If you flip the torque arm 180 degrees, in mirror image of how it is now, would the nuts go on? Alternately, could you use a longer bolt, a spacer tube with thick walls to apply compression to the surface of the arm, and put the nut on the inside of dropouts?
Additionally, you can take the torque washer's tab and bend it down so it is flatter to the axle, so that it sits deeper in what there is of a dropout.
As for whether alloy dropouts will be sufficent, I'd personally rather have a torque plate on there similar to the one someone else recently made, which would actively prevent rotation even if the dropouts failed (and by preventing rotation should prevent dropout failure). Problem about alloy dropouts is you may have no way of knowing if they are already damaged and about to fail until after they already do, as in many cases of alloy part failure I have seen the stress cracks may be under the paint, with the slightly stretchy powdercoating flexing across the crack and not cracking with it, only breaking away after the part has already separated.
Steel bends first before snapping, so you'd probably notice your wheel "felt funny" at high torque before something actually failed.
Plus you'd be able to visually see the dropouts spreading, a little at a time, if you check them each ride, if a problem were developing.

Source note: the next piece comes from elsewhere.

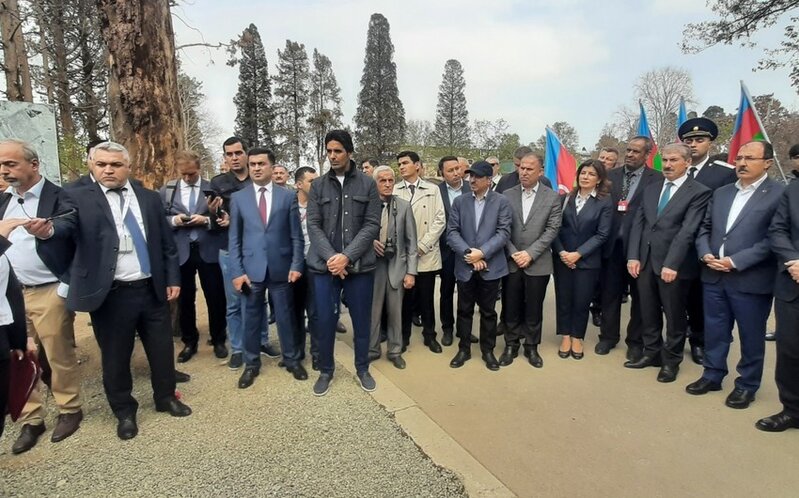 Xarici diplomatlar Gəncəyə səfər edib - YENİLƏNİB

What I would like to do myself on such dropouts, at minimum, is make a clamp that goes in a lazy J from the rackmount accessory point then down behind the axle, then forward under the dropout to a clamp or bolt point in front of the dropout somewhere along the chainstay. That might at least minimize the spreading, although with sufficent torque on the dropout it would require it to be a bolt point forward of the dropout, actually welded to the chainstay, to resist the torque. A clamp would probably just slip.
A torque plate that has an axle-shaped hole in it to prevent rotation, that bolts to the dropouts and the hardpoints for racks/etc, even disc brake caliper mountpoints, would be much better, I think.
If you're not going to hit the throttle hard it won't matter, but if you do, the torque can be a lot higher.